## Problem
In the entries below, find the line with "[Under $900]Four recommended" and transcribe it and every line after it exactly, through the last line, without pictures.

Dataset excerpts
==================================================

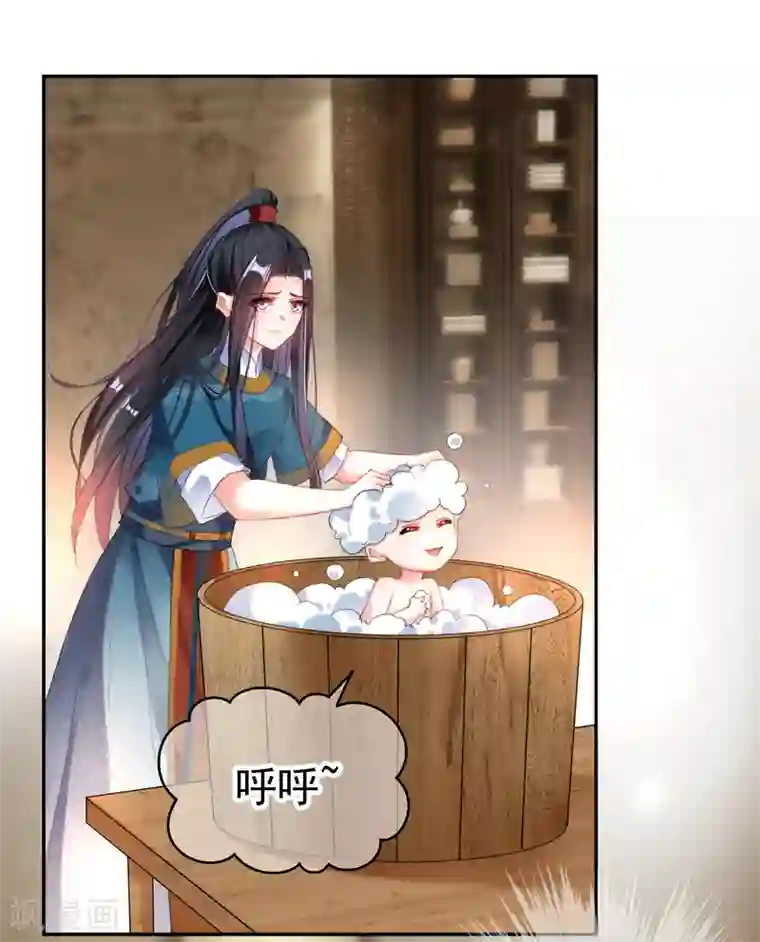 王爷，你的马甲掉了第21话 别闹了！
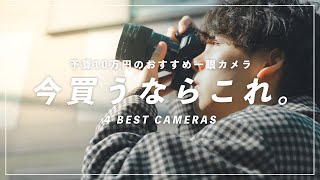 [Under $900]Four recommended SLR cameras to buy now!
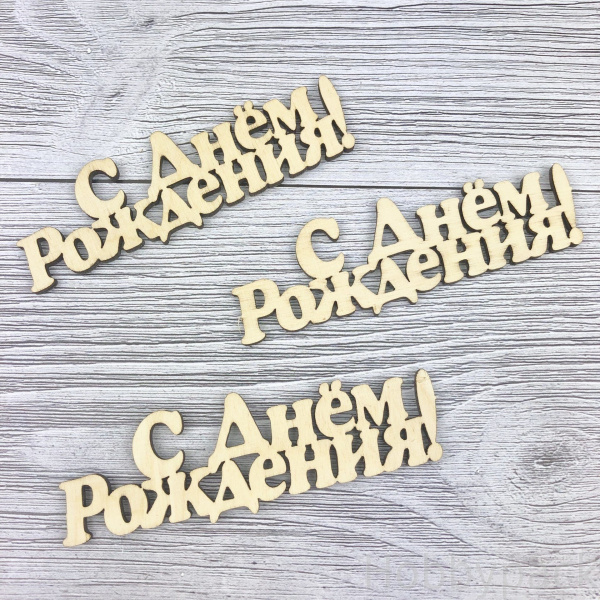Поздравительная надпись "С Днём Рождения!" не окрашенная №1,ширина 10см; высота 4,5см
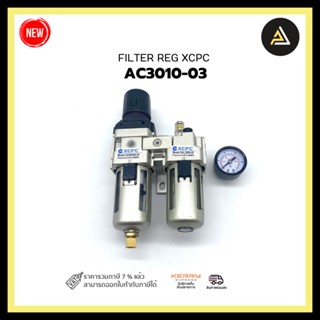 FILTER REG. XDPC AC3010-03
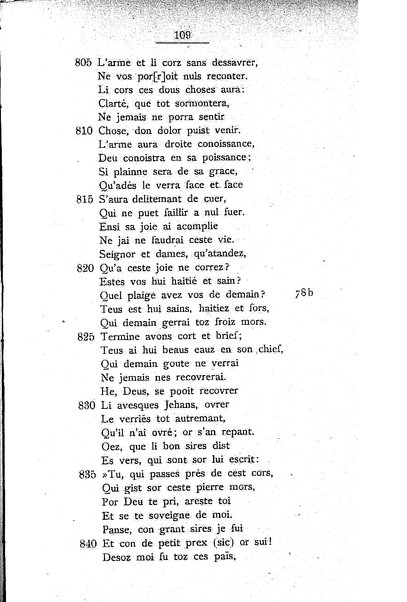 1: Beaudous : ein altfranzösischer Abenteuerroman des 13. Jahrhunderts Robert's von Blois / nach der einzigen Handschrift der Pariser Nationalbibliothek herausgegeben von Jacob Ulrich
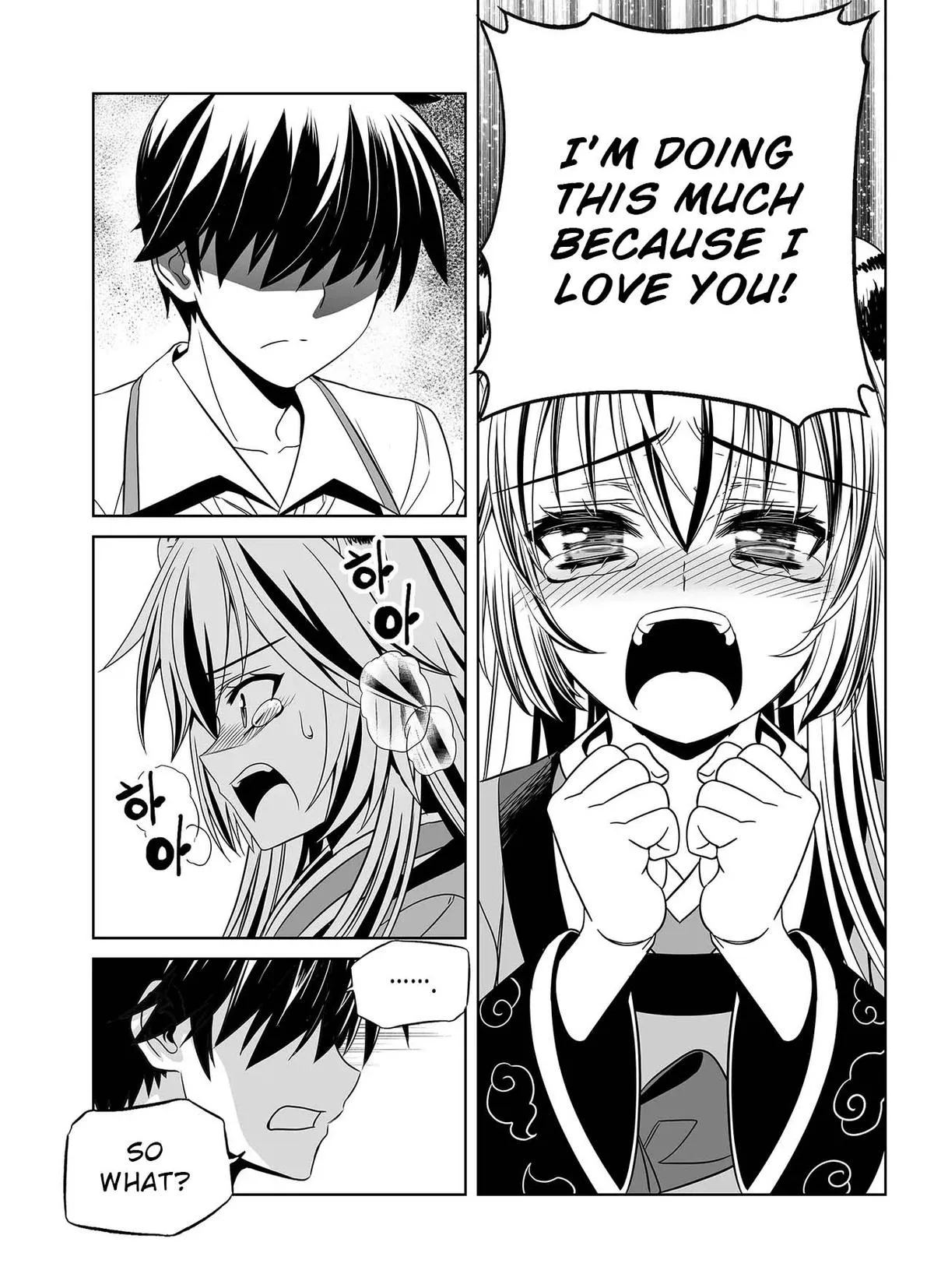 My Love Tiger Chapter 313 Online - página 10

==================================================

## Response area
 [Under $900]Four recommended SLR cameras to buy now!
Поздравительная надпись "С Днём Рождения!" не окрашенная №1,ширина 10см; высота 4,5см
 FILTER REG. XDPC AC3010-03
 1: Beaudous : ein altfranzösischer Abenteuerroman des 13. Jahrhunderts Robert's von Blois / nach der einzigen Handschrift der Pariser Nationalbibliothek herausgegeben von Jacob Ulrich
 My Love Tiger Chapter 313 Online - página 10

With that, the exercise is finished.